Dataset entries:
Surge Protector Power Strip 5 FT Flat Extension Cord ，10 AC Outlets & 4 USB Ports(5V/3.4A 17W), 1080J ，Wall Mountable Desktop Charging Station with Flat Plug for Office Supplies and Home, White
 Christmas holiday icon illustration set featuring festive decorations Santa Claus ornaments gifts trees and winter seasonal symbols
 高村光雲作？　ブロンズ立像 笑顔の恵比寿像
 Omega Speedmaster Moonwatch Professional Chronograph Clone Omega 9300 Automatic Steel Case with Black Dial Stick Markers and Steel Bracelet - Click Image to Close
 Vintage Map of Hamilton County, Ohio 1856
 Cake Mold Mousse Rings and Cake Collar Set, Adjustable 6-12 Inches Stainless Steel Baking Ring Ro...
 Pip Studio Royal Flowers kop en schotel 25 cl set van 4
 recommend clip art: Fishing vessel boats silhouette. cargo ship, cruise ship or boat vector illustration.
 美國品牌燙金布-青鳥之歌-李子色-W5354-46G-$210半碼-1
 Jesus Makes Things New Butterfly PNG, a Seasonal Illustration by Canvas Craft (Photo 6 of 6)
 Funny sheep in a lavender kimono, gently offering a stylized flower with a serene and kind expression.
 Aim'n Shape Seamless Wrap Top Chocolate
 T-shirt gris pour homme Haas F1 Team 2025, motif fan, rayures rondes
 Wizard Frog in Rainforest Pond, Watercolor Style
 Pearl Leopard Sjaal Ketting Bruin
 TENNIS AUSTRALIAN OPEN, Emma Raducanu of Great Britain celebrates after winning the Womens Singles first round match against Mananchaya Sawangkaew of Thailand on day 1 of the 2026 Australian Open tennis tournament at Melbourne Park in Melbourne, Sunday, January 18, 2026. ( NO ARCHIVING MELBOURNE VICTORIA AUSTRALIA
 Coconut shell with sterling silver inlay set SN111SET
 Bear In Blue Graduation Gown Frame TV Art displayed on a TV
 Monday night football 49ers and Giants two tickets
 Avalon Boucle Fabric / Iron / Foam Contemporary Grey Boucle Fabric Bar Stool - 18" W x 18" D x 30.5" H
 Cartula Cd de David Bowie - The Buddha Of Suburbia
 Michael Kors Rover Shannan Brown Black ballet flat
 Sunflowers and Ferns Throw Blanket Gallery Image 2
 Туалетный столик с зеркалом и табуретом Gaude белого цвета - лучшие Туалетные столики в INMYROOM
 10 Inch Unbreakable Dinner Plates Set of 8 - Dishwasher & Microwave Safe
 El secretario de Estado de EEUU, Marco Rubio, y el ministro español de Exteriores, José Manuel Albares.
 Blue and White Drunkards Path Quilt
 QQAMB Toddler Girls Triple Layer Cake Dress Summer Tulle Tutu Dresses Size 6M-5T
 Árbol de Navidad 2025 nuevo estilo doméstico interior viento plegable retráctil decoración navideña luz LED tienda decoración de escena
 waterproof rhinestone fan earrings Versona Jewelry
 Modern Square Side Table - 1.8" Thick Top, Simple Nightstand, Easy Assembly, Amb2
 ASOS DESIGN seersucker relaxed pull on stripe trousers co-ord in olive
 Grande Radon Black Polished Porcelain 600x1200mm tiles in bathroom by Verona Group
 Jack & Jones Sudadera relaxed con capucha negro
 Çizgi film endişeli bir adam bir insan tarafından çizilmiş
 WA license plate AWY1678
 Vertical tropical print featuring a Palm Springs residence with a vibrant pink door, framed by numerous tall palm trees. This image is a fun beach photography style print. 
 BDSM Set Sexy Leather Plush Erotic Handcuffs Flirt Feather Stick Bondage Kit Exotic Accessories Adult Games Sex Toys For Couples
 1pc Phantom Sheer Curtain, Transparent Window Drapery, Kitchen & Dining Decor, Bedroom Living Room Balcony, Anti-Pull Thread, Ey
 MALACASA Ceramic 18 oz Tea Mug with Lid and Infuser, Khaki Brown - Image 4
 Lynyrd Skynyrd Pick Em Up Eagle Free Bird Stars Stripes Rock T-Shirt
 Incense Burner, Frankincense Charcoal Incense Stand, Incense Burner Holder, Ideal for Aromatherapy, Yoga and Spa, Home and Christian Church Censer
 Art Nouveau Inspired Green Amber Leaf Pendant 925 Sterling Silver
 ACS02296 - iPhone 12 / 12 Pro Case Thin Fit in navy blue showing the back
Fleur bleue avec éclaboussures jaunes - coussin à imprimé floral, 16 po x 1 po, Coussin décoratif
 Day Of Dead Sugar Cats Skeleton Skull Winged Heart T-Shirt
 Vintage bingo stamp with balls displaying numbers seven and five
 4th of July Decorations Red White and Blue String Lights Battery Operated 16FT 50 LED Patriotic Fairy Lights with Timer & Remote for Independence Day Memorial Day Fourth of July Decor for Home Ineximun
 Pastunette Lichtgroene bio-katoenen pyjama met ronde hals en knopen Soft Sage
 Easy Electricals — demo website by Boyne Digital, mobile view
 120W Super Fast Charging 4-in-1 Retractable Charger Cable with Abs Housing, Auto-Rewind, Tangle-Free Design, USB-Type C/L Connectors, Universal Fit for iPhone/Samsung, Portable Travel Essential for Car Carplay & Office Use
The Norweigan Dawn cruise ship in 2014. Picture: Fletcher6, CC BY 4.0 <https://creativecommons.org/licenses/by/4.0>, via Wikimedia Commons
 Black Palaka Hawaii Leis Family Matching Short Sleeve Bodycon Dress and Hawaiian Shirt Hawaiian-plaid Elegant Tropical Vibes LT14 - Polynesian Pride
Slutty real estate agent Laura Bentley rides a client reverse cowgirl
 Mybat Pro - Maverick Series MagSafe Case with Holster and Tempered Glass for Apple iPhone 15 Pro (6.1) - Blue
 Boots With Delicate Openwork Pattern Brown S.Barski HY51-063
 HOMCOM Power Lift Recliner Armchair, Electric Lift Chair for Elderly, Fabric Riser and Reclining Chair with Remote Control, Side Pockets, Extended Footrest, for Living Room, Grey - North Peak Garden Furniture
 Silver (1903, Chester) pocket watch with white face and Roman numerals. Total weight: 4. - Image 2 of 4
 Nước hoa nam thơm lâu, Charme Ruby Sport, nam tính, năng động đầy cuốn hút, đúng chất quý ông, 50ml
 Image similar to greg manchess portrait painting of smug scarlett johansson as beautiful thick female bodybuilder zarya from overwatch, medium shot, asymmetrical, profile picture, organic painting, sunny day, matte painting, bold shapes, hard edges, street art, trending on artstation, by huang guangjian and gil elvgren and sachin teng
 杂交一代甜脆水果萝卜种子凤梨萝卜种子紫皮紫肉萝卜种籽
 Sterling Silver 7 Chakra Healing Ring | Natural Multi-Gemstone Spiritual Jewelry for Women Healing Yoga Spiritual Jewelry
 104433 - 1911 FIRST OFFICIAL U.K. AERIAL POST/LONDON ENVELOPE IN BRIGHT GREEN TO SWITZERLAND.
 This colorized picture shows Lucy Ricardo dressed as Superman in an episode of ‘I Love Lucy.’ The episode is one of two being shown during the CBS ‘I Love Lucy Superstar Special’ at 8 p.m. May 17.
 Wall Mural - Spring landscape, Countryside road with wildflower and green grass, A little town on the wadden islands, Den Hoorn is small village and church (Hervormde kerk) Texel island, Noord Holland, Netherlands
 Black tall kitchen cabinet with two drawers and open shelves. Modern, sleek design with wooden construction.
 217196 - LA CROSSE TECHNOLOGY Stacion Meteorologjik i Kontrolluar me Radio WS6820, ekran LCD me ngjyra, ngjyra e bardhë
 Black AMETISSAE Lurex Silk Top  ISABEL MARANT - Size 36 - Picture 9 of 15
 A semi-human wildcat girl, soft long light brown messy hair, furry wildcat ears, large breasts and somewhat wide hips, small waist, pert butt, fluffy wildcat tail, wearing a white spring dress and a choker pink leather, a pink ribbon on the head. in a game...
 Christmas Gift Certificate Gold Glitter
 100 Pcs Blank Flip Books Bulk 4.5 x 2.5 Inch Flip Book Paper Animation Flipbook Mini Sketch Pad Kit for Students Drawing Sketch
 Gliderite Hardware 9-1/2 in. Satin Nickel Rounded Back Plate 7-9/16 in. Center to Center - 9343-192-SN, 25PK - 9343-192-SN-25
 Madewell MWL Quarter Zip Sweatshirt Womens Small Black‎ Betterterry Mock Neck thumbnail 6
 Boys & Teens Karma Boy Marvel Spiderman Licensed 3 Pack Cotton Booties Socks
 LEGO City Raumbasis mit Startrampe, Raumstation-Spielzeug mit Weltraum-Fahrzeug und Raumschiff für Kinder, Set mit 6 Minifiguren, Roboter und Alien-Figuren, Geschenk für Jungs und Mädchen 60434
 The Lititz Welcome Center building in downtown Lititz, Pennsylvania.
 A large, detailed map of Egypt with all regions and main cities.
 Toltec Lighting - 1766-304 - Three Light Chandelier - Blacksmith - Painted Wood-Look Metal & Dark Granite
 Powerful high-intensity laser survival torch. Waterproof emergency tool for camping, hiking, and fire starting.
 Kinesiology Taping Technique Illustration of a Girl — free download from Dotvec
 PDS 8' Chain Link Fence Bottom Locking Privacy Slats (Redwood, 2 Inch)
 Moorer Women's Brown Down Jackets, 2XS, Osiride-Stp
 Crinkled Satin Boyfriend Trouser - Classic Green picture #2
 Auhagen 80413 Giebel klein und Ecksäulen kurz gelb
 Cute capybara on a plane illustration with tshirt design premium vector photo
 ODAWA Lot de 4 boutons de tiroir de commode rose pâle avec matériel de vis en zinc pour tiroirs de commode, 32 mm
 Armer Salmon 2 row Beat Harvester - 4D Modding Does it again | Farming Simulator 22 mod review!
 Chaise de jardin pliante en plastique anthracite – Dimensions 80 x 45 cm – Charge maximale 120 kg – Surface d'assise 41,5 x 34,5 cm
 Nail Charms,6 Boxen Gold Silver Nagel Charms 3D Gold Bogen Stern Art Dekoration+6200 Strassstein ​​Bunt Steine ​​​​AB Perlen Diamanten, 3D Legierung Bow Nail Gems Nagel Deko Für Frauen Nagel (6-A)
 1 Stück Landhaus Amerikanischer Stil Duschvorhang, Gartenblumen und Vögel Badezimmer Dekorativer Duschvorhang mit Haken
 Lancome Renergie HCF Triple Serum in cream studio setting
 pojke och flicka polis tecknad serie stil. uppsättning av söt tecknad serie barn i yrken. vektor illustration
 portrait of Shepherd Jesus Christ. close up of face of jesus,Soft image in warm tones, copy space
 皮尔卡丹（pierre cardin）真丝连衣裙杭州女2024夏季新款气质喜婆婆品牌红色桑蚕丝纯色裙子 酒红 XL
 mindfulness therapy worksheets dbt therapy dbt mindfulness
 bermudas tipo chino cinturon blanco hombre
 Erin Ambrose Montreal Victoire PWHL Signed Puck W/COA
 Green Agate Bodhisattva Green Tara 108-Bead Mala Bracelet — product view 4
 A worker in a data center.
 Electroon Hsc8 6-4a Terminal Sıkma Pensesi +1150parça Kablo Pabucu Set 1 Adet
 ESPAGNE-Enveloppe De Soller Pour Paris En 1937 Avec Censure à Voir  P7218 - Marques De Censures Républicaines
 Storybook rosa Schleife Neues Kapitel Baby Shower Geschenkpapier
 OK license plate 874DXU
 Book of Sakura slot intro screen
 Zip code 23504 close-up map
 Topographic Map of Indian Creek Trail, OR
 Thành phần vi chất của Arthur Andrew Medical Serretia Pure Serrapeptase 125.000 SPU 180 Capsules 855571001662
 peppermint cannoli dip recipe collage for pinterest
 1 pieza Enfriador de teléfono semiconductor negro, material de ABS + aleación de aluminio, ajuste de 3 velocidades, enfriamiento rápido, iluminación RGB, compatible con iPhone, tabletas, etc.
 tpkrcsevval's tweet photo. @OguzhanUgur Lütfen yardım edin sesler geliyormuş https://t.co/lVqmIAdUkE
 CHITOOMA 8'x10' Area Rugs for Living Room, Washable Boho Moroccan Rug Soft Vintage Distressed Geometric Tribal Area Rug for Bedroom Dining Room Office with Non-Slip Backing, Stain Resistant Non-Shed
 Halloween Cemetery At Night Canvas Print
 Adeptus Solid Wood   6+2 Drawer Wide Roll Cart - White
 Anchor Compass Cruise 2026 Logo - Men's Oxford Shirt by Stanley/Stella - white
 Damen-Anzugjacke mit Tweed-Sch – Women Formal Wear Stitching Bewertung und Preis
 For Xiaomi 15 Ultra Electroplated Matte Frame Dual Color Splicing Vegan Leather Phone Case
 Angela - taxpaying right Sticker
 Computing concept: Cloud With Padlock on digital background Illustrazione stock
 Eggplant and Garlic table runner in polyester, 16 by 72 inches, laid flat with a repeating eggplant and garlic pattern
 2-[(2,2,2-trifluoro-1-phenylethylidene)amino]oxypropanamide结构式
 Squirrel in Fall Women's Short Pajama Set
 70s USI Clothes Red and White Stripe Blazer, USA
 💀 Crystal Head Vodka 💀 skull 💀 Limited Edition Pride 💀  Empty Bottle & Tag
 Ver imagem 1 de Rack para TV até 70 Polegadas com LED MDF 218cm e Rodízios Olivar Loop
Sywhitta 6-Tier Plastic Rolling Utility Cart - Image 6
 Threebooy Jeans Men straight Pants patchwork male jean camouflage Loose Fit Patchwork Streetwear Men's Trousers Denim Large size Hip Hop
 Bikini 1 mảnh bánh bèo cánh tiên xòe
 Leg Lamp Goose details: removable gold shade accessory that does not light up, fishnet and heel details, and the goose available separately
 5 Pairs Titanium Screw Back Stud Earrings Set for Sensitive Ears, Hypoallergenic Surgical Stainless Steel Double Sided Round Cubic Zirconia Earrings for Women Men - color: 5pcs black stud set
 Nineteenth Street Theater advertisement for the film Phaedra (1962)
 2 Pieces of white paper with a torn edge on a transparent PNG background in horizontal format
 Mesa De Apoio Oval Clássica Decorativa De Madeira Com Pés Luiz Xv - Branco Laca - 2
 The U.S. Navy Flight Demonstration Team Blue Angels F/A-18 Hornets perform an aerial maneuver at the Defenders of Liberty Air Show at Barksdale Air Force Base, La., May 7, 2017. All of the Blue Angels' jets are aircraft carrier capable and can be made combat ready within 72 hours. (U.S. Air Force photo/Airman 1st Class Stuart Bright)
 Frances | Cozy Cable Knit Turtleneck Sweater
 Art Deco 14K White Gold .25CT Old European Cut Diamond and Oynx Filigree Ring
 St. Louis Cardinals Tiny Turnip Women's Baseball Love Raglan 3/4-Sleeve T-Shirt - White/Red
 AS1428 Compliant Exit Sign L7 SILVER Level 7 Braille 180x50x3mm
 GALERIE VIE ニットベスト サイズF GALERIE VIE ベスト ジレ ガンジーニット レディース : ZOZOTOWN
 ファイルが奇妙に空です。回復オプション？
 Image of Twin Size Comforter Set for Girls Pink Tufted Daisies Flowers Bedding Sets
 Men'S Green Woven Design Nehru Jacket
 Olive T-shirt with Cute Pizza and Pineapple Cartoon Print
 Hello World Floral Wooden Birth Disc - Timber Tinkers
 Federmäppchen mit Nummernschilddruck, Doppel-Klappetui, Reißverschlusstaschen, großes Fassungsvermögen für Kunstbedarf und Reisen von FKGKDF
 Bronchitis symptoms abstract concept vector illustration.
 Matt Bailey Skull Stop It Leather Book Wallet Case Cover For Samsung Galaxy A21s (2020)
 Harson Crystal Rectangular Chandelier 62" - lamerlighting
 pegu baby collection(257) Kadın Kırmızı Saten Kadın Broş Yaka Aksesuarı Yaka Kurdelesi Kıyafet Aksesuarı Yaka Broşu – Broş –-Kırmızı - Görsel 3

Exercise goal
Scan the lines above for "美國品牌燙金布-青鳥之歌-李子色-W5354-46G-$210半碼-1" and for "10 Inch Unbreakable". Repeat exactly the line holding each of them and every line in between.

Solution below
 美國品牌燙金布-青鳥之歌-李子色-W5354-46G-$210半碼-1
 Jesus Makes Things New Butterfly PNG, a Seasonal Illustration by Canvas Craft (Photo 6 of 6)
 Funny sheep in a lavender kimono, gently offering a stylized flower with a serene and kind expression.
 Aim'n Shape Seamless Wrap Top Chocolate
 T-shirt gris pour homme Haas F1 Team 2025, motif fan, rayures rondes
 Wizard Frog in Rainforest Pond, Watercolor Style
 Pearl Leopard Sjaal Ketting Bruin
 TENNIS AUSTRALIAN OPEN, Emma Raducanu of Great Britain celebrates after winning the Womens Singles first round match against Mananchaya Sawangkaew of Thailand on day 1 of the 2026 Australian Open tennis tournament at Melbourne Park in Melbourne, Sunday, January 18, 2026. ( NO ARCHIVING MELBOURNE VICTORIA AUSTRALIA
 Coconut shell with sterling silver inlay set SN111SET
 Bear In Blue Graduation Gown Frame TV Art displayed on a TV
 Monday night football 49ers and Giants two tickets
 Avalon Boucle Fabric / Iron / Foam Contemporary Grey Boucle Fabric Bar Stool - 18" W x 18" D x 30.5" H
 Cartula Cd de David Bowie - The Buddha Of Suburbia
 Michael Kors Rover Shannan Brown Black ballet flat
 Sunflowers and Ferns Throw Blanket Gallery Image 2
 Туалетный столик с зеркалом и табуретом Gaude белого цвета - лучшие Туалетные столики в INMYROOM
 10 Inch Unbreakable Dinner Plates Set of 8 - Dishwasher & Microwave Safe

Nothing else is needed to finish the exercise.